No ano de 1985, o Departamento de Polícia Metropolitana decidiu criar um plano para capturar criminosos foragidos que estavam sendo procurados há algum tempo. Para isso, enviaram cartas para os últimos endereços conhecidos de cada um deles.

Dentro dos envelopes, um convite surpresa: cada um havia ganho ingressos para assistir à partida de futebol americano entre Washington Redskins x Cincinnati Bengals. Cerca de 3.000 convites foram entregues aos criminosos. Somando todos os crimes, eles eram procurados por mais de 5.000 mandados pendentes.
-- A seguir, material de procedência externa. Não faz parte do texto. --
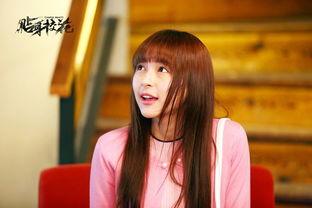 电视剧贴身校花免费观看,免费解锁贴身校花精彩剧情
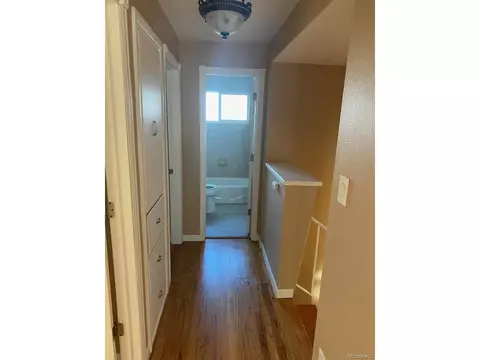 11623 E 6th Pl, Aurora, CO 80010 photo 22
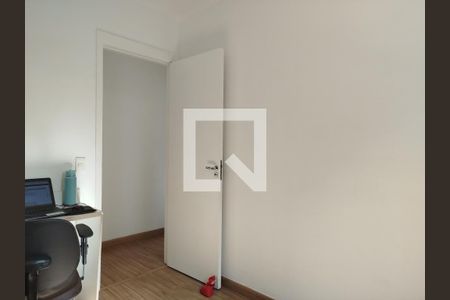 Quarto 1 de apartamento à venda com 3 quartos, 67m² em Guaiauna, São Paulo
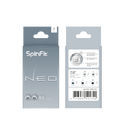 SpinFit NEO 耳膠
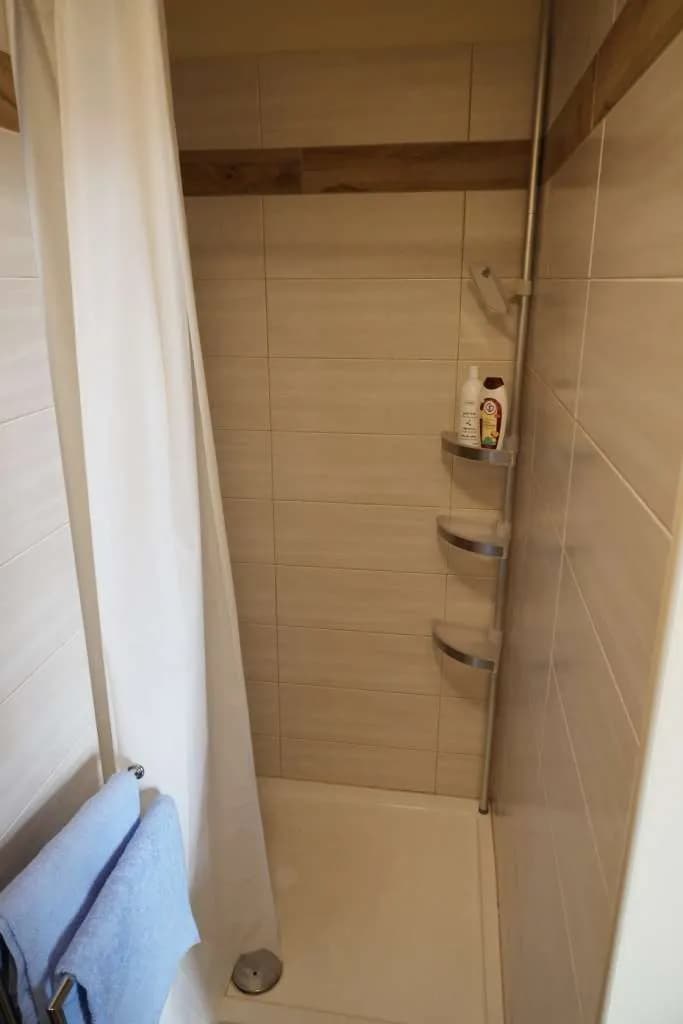 Gewerbeimmobilie kaufen in Graz – 314 m², € 850.000 – Bild 13 von 58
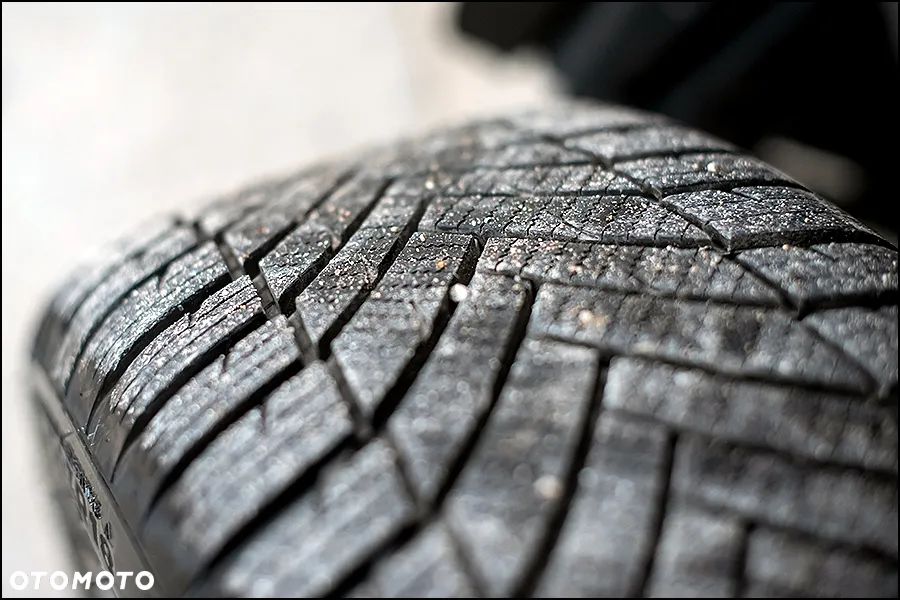 Mazda CX-3 SKYACTIV-G 120 FWD Kizoku Intense - 14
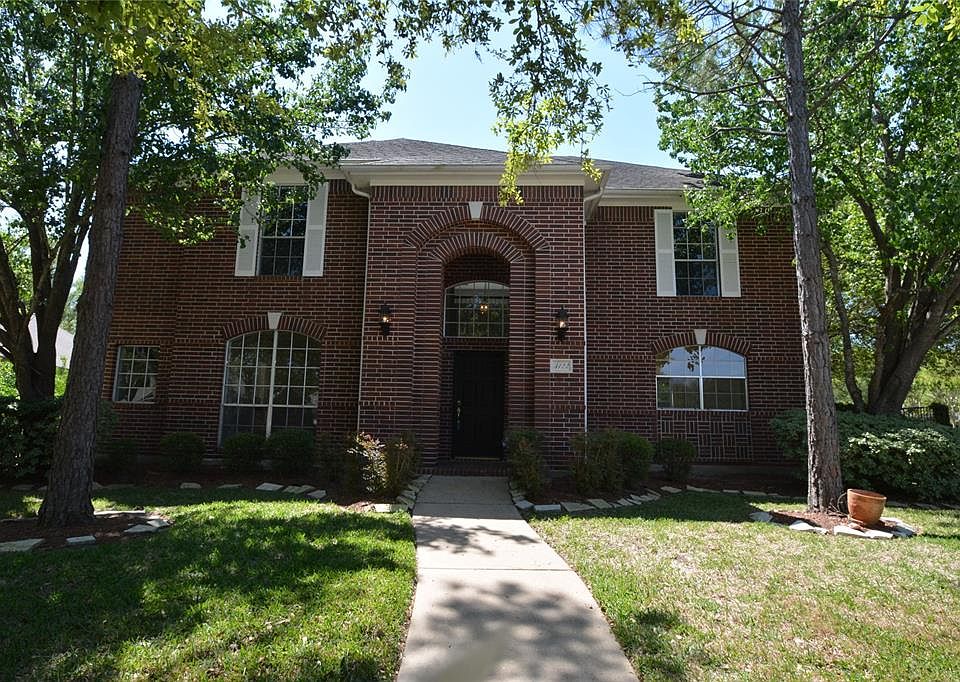1st image of 3122 Shore Brook Cir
Atletas do Washington Redskin em jogo da temporada 1984/ Crédito: Getty Images

A Operação Flagship prendeu mais de 100 pessoas — duas eram procuradas por homicídio, cinco por roubo, 15 por agressão, seis por invasão, uma por estupro e outras por diversos outros crimes. Estima-se que foi gasto cerca 22.100 dólares para a ação; ou seja, menos de 225 dólares por prisão.

O modus operandi

Entre 1981 e 1986, a U.S. Marshals Service — Serviço de Delegados dos Estados Unidos — conduziu uma série de nove operações, denominadas Fugitive Investigative Strike Team (FIST), em busca de capturar milhares de fugitivos procurados nos Estados Unidos.

Para atraí-los, eles usavam uma tática chamada 'obter-algo-por-nada'. Um exemplo disso ocorreu em 1984, quando o U.S. Marshal conduziu o FIST VII em uma operação que durou cerca de dois meses — atuando em oito estados e culminando na prisão de 3.309 fugitivos.

Logo do U.S. Marshal/ Crédito: Domínio Público

Na cidade de Nova York, cada fugitivo recebeu um aviso fictício do Brooklyn Bridge Delivery Service sobre a entrega de um pacote "valioso", informando que eles haviam ganho quantias entre 250 e 10 mil dólares na loteria. Já em Connecticut, os criminosos receberam 'ingressos' para um show de Boy George, incluindo jantar para duas pessoas e transporte de limousine.

Quando o procurado ia retirar o seu prêmio no local indicado, porém, os delegados os prendiam, recorda o The Washington Post. A prática era perfeita, pois os criminosos eram pegos geralmente desarmados ou desprevenidos.

O grande jogo

Em 15 de dezembro de 1985, Washington Redskins e Cincinnati Bengals fariam um dos jogos mais importantes da temporada. Afinal, quem vencesse disputaria os playoffs. Portanto, a procura pelos ingressos era insana e muitas pessoas fariam qualquer coisa para ver o jogo.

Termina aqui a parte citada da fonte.